Historic Transmission Interties Built the Foundation for Today's Grid, Grid Strategies Report Finds
The high-voltage transmission interties that connect today's electric grid were engineering achievements and were carefully developed over decades to improve reliability, lower costs and make better use of generation resources, according to a new report from Grid Strategies.
The report, Making Connections: A History of the Regional Electrical Lines That Shaped the U.S. Grid, traces the evolution of transmission interconnections from the earliest utility tie lines in the late 1800s through the development of major regional systems like the Pennsylvania-New Jersey-Maryland (PJM) Interconnection and the Pacific Intertie.
Rather than focusing solely on technological milestones, the report examines how regulators and utilities consistently viewed transmission interties through three primary objectives: improving efficiency, strengthening reliability and taking advantage of complementary generation resources across regions.
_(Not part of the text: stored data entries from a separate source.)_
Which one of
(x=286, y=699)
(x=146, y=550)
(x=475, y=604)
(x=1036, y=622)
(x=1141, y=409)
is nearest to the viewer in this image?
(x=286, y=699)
"Interties, also known as interconnections, ties, or tie-ins, are high voltage transmission links that enable the bulk transfer of power between independently operated and geographically dispersed electric utilities," the report states. Over time, these connections transformed isolated utility systems into integrated regional networks that improved operations and allowed utilities to coordinate hydroelectric and thermal generation across broad geographic areas.
The report highlights how early engineers recognized the potential of interconnected systems. At the 1904 International Electrical Congress, Utah Light & Power engineer R.F. Hayward predicted that interconnected utilities could one day make it "possible to-day to operate a string of steam and water plants from the Atlantic to the Pacific Coast," foreshadowing the modern interconnected grid.
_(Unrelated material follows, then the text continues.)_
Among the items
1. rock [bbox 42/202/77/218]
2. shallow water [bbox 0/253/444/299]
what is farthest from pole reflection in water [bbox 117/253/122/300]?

Three historical projects illustrate the evolution of regional transmission planning.
The first, the 1931 Greenbush-Dunwoodie transmission line in New York, connected hydroelectric resources in upstate New York with steam-powered generation serving New York City. Regulators concluded the line would defer costly new generation investments while improving service reliability by allowing the two systems to support one another during seasonal fluctuations and peak demand.
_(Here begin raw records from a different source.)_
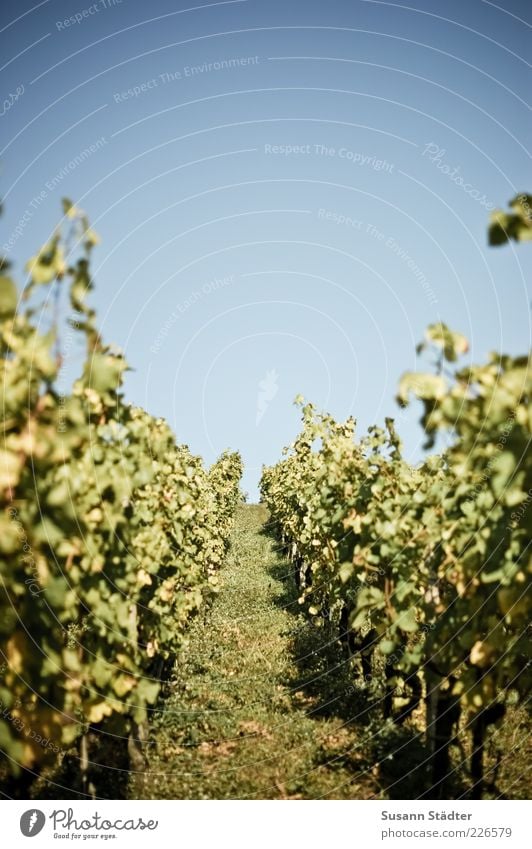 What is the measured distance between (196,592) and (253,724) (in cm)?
282

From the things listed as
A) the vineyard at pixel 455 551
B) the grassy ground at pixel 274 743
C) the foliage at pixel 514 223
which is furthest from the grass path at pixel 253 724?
the foliage at pixel 514 223

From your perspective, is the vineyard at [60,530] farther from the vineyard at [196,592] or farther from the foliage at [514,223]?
the foliage at [514,223]

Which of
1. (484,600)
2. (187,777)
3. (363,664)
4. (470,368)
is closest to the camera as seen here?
(470,368)

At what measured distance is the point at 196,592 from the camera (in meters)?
12.2

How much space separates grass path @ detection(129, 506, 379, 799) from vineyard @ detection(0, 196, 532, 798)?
51 millimetres

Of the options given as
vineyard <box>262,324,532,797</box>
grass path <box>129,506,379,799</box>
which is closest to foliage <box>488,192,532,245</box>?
vineyard <box>262,324,532,797</box>

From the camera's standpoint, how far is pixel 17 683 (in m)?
5.30

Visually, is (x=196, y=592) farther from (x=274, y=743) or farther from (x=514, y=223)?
(x=514, y=223)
The report next examines the Roseland-Bushkill transmission line, completed in 1927 between New Jersey and Pennsylvania. The project created what became the foundation of today's PJM Interconnection while demonstrating that utilities could coordinate operations without merging into a single company. Regulators emphasized that interconnected utilities remained operationally independent while sharing resources to reduce redundant infrastructure and improve reliability.
The final case study focuses on the Pacific Intertie, constructed between 1965 and 1970 to link hydroelectric resources in the Pacific Northwest with California's growing electricity demand. Federal agencies promoted the project as both an economic and conservation measure, enabling seasonal power exchanges between regions with complementary generation profiles.
The report notes that by the postwar period, federal agencies increasingly viewed transmission integration as essential for meeting rapidly growing electricity demand while maintaining system reliability. Following the Northeast Blackout of 1965, the Federal Power Commission described interties as "vital factors in assuring reliable bulk power supply" that had proven their value over decades of operation.
Throughout the report, the authors argue that the same principles that drove historical transmission development remain relevant today as utilities confront rising electricity demand and increasing pressure to expand the grid.
"The history traced in this report shows that interconnection was consistently pursued according to a recognizable set of technical, economic, and regulatory logics shared by utilities and government authorities," the report concludes.
Across more than a century of transmission development, the authors write, interconnections consistently enabled utilities to exchange surplus energy, reduce the need for redundant infrastructure, improve system resilience and make more efficient use of available energy resources.